PRESENTATION ON THE POTAWATOMI LANGUAGE
Friday @ 12:15PM

This talk will focus on the history of Potawatomis with special attention paid to the history of the Potawatomi language and language learning. Master speaker Carla Collins and two of her students, Margaret Mersereau Long and Dejonay Biles Morseau, will discuss their personal journeys studying under master speakers and what it means to learn Potawatomi in the current moment.
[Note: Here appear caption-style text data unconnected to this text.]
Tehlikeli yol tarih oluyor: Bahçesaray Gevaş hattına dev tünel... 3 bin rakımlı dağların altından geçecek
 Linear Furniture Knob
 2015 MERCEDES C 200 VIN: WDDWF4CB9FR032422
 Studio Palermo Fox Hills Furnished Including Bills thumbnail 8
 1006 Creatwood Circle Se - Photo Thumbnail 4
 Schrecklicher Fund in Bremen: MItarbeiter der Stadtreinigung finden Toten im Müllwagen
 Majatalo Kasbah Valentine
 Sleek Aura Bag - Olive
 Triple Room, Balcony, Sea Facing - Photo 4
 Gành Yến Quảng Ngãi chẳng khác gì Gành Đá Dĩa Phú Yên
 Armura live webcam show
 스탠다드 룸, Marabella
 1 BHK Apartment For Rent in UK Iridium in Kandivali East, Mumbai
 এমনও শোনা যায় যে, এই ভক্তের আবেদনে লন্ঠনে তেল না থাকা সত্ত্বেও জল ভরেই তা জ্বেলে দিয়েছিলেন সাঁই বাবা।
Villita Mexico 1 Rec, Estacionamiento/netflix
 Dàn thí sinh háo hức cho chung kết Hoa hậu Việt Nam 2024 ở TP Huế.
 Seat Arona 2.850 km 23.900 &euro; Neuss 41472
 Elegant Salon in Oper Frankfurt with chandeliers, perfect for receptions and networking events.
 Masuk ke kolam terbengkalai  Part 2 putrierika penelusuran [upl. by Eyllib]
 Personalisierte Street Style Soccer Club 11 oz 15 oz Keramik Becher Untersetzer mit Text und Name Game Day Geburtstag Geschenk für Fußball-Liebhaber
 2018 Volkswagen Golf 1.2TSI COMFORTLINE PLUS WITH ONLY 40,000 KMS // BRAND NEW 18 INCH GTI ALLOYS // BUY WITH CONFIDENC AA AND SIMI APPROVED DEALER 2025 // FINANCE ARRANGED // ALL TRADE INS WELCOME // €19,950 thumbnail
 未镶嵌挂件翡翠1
FILM: THIS IS WHO I AM (Ojibwe)
Friday @ 3PM

Kalvin Hartwig (Ojibwe/Anishinaabe) will discuss his life journey and what inspired him to produce his short film, This Is Who I Am. This will include insights shared with him by elders and other knowledge-keepers about language, Indigeneity/identity as Indigenous peoples, and elements of our history and the way we see the world through language. Some of the topics that may come up during the presentation and during the question/answer period include boarding and residential schools, assimilation policies, decolonization, self-determination, sovereignty, Indigenous rights, the United Nations, treaties, and the UN Declaration on the Rights of Indigenous Peoples.


FILM: NIUGAA YUGAA ‘KEEP TALKING’ (Alutiiq)
Saturday @ 10AM

Keep Talking follows four Alaska Native women fighting to save Kodiak Alutiiq, an endangered language now spoken by less than 40 remaining fluent Native Elders. Their small community travels to remote Afognak Island to start teaching kids Alutiiq. Sadie, 13, is inspired to begin learning the language and dances of her ancestors. Instead of getting swept up in the wake of historical trauma, these women overcome personal demons and build toward a brighter future.


PRESENTATION BY RHODEL CASTILLO (Garifuna)
Saturday @ 11:30AM

Mr. Castillo will provide some background on himself and will then speak on the role of Garifuna language in the community. He will also discuss the Garifuna language and community in Chicago and how it is being preserved here. As part of his presentation, he will play a few different songs in Garifuna, touch on the different genres and how they are used to communicate with the community and how they are presented to the world. He will also explain what the songs mean in English.


PRESENTATION BY DR HILARIA CRUZ OF THE UNIVERSITY OF KENTUCKY (Chatino/Zapotecan)
Saturday @ 3:30PM

A language with printed books and materials is empowered with an additional dimension in which the language can exist, be promoted, and shared beyond the oral language. Printed materials for early reading enhances self-esteem, promotes intellectual growth, builds one’s reading level, and elevates the status of the language in the eye of dominant language speakers. In my talk, I will share my experiences working with university students to create and publish children’s books in indigenous languages, with no translation into a dominant language. Books have been published in the Chatino language spoken in Mexico, Ojibwe spoken in the Great Lakes, and Hupa spoken in California. In addition to adding in a rapid manner much-needed materials for reading in endangered languages, these books also open opportunities for community dialogue about language loss. Likewise, it offers non-speakers of the endangered language first-hand experience and appreciation of endangered languages.